ACTIVITY: Reproduce the data shown below exactly.

AVAILABLE DATA:

※ ※ ※

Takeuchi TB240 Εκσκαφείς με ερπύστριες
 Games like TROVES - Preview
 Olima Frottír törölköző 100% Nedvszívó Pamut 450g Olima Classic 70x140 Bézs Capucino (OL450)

※ ※ ※

ANSWER SPACE:
Takeuchi TB240 Εκσκαφείς με ερπύστριες
 Games like TROVES - Preview
 Olima Frottír törölköző 100% Nedvszívó Pamut 450g Olima Classic 70x140 Bézs Capucino (OL450)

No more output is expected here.